Here is an overview of some well-known carbon project types:
Nature-based solutions
Reduce Emissions from Deforestation and forest Degradation (REDD+)
As one of the several nature-based carbon credit project types, REDD+ attaches financial value to the carbon stored in forests and adds an incentive to reduce human impact that results in greenhouse gases (GHGs).
There are two project types that fall under REDD+:
- Avoided unplanned deforestation (AUD) projects: These aim to protect forests from highly localized agents of deforestation, such as deforestation caused by local communities growing crops for local consumption or deforestation due to illegal logging.
Examples of AUD projects could include financial support to local communities so they have the means to boost yields from existing farmland or increased patrols to monitor deforestation from illegal activity.
- Avoided planned deforestation (APD) projects: These primarily seek to protect forests from large-scale, commercial agents of legally permitted deforestation for alternative use, such as for crop plantations or cattle ranches. These projects protect the forest from secondary agents of deforestation, which are primarily local communities.
An example of an APD project is preventing the entire project area from being cleared over 5-10 years by a global corporation that has well-documented plans to convert the forested area to a commercial palm oil plantation.
Afforestation, Reforestation & Revegetation (ARR)
ARR projects are designed to increase carbon stocks by planting or assisting the natural regeneration of woody biomass. ARR activities are diverse and can include: agroforestry, commercial plantations, farmer-assisted natural regeneration, and mangrove restoration (one type of blue carbon project).
Improved Forest Management (IFM)
IFM projects can increase net carbon stocks or reduce greenhouse gas (GHG) emissions through changes in existing, or business as usual (BAU), forest management practices. Forest management activities could include rotation extension, thinning and change in harvesting techniques. Exactly which management activities are allowed in the projects is determined by registry methodologies.

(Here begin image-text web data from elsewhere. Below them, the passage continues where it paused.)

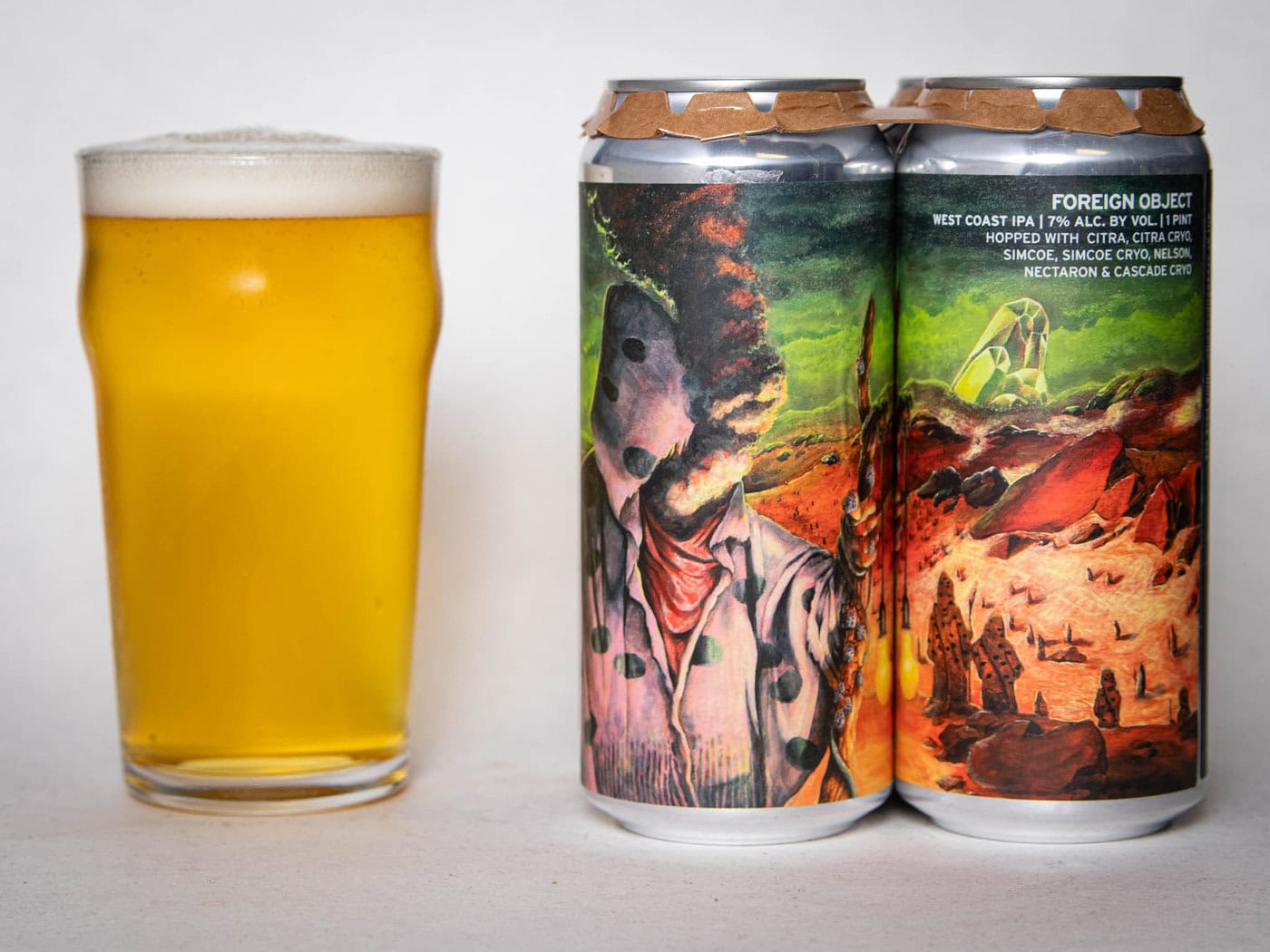 A Pint Glass Of Hazy Golden Beer Sits Beside Two Colorful Cans With Surreal, Sci-Fi Artwork Labeled &Amp;Quot;Foreign Object - Wc Ipa - Tdne Collab.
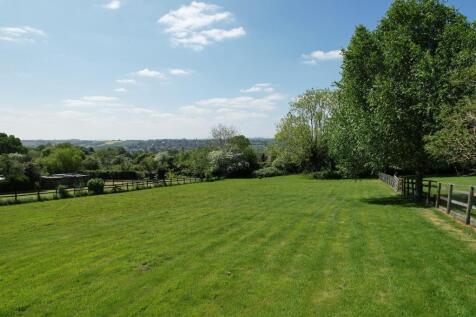 Lovely fenced paddock by garden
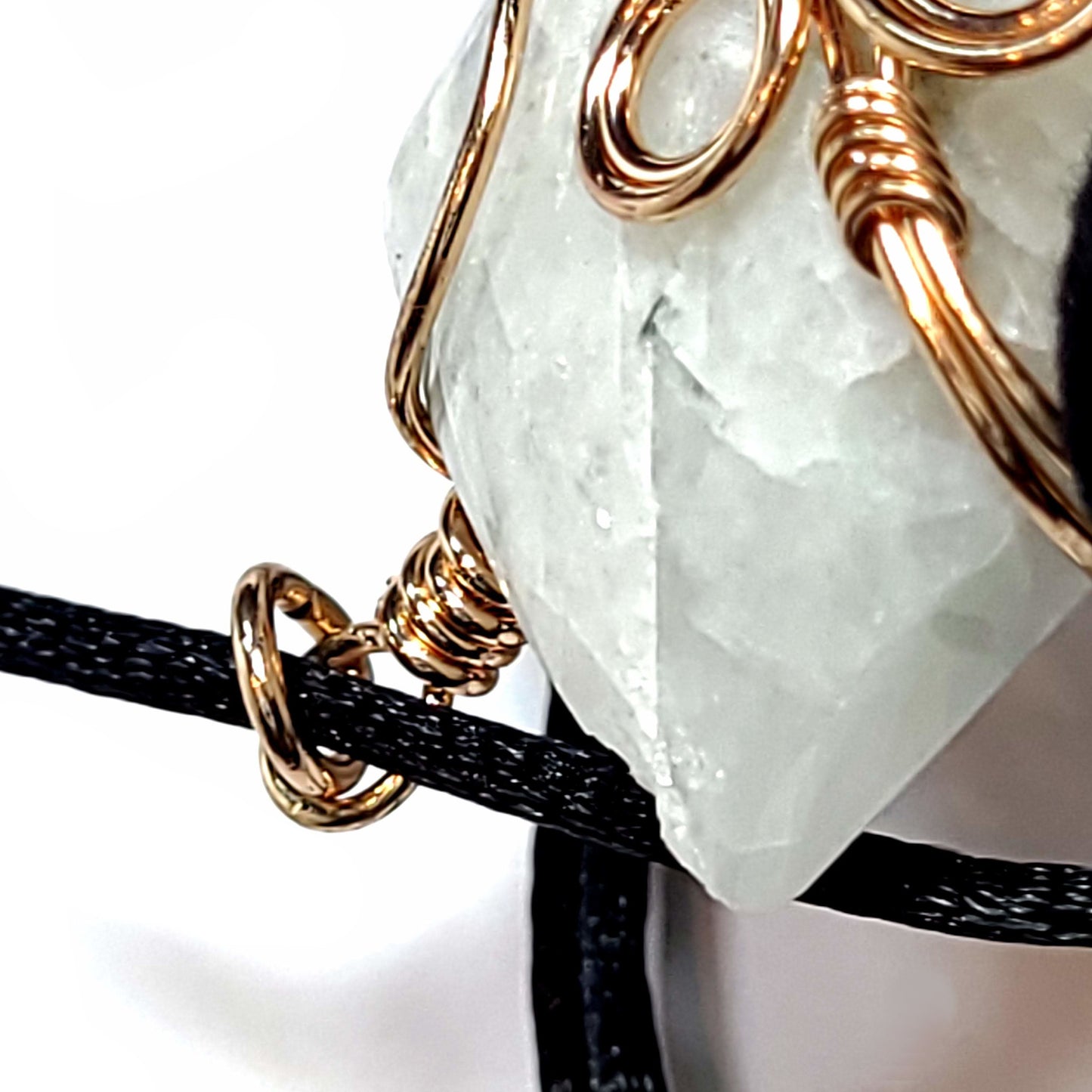 Rose wire wrapped Quartz pendant with tiny bits of black Tourmaline. Comes with a black satin cord with an adjustable slip knot. Stone has some minor natural pits and has a slight chip in the upper left corner.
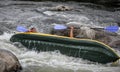 Myhiya / Ukraine - August 24 2018: Kayakers fights the white water in a Pivdenny Bug river. They and their kayak are flipping over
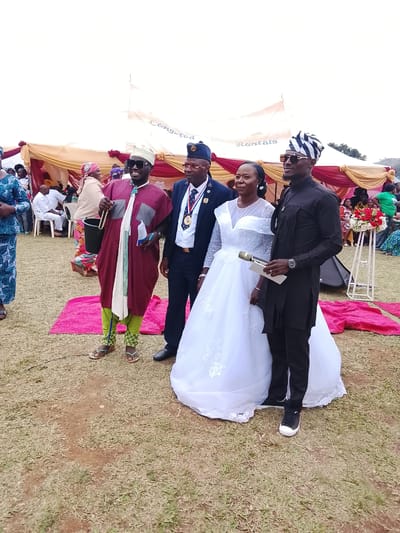 In an outdoor setting in Kuru, Nigeria, a wedding party is in progress. The bride, in a long white gown, stands next to a man in a black outfit, holding a microphone and a piece of paper. To the left of the bride stands a man in a military-style uniform and hat adorned with medals. To the far left is a man dressed in a maroon robe and green patterned pants, holding a bucket. A crowd of people sits under a tent adorned with red and gold fabric in the background. A small table holding flowers sits to the right. Two pink carpets are on the ground.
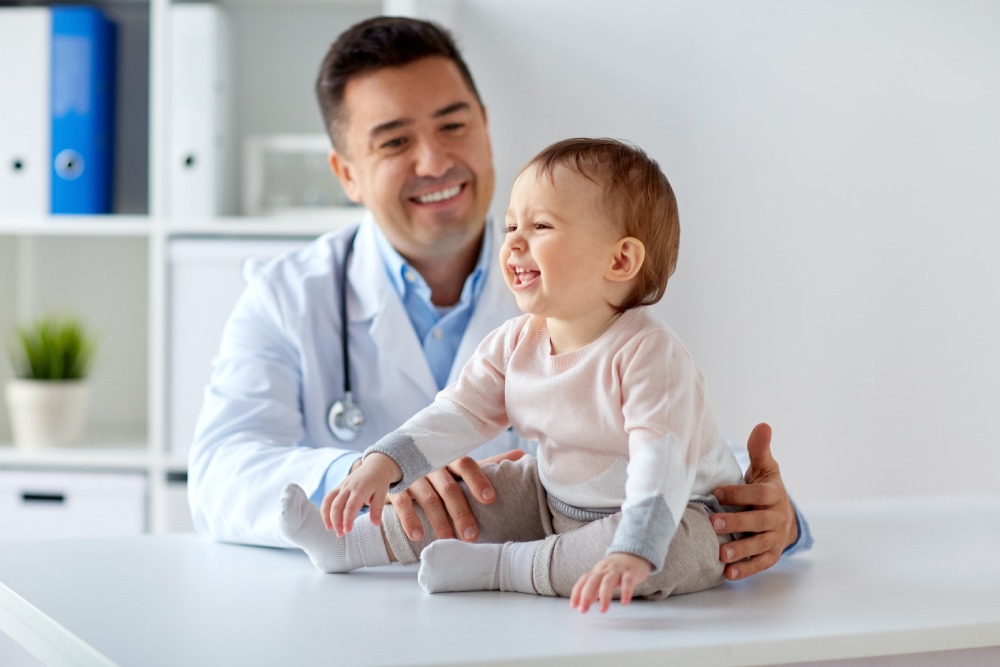 Pediatrician examining a happy baby during a check-up, related to the MOCA-Peds Exam guide on Pediatrics Board Review.
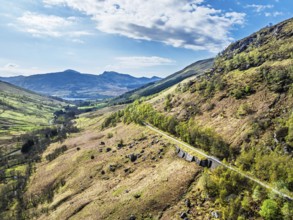 Mountains over Glen Ogle Viaduct from a drone, Road A85, Scotland, UK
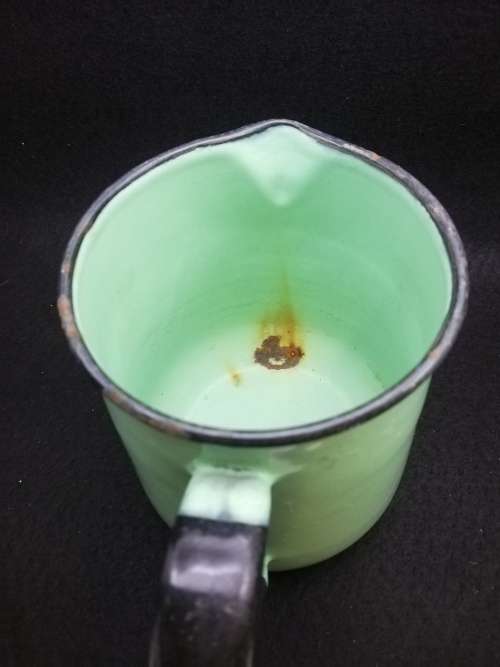 Vintage green enamel jug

Jurisdictional and Nested REDD+
The fundamental difference between Jurisdictional REDD to project-level REDD+ is that all the forest in a national (i.e. whole country) or subnational (e.g. state or province) jurisdiction must be considered when setting a baseline and monitoring deforestation. With the advent of remote-sensing and artificial intelligence in recent years, this can realistically be done to a high level of accuracy. Nested REDD+ projects are aligned with jurisdictional baselines and deforestation monitoring.
Technology-based solutions
Renewable Energy Source (RES)
Renewable energy is energy from sources that are cyclic and naturally replenished on a human time scale. The most common renewable energy sources are: solar, wind, hydro, geothermal, and biomass. Renewable power generation costs have fallen dramatically over the past decade driven by technological innovation, economies of scale, and competitive supply chains. Declining costs have driven adoption of renewable technologies in upper and middle income countries, where diverse sources of financing are readily available.
Direct Air Capture (DAC)
Direct air capture (DAC) or direct air carbon capture (DACC) is a method of removing carbon dioxide (CO2) from the atmosphere. Rather than attempt to stop carbon emissions reaching the atmosphere, or use natural environments (such as forests and soil) to absorb atmospheric carbon, DAC uses technology to remove the carbon we’ve already released into the atmosphere.
Keep on top of policy & regulations that are shaping the market
Although the voluntary carbon markets are not regulated, they are influenced by the broader policy environment relating to climate change. This is expected to evolve in the coming years as the interest in the market grows. Here are some of the key policy and regulatory initiatives that you and your company should be aware of:
Invest in due diligence
Determining carbon credit quality is no easy feat. It takes time and resources to not only understand what makes projects high quality, but to also gather information specific to each project; for example determining if an ARR project is using monocultures which could make it more vulnerable to fires or pest outbreaks.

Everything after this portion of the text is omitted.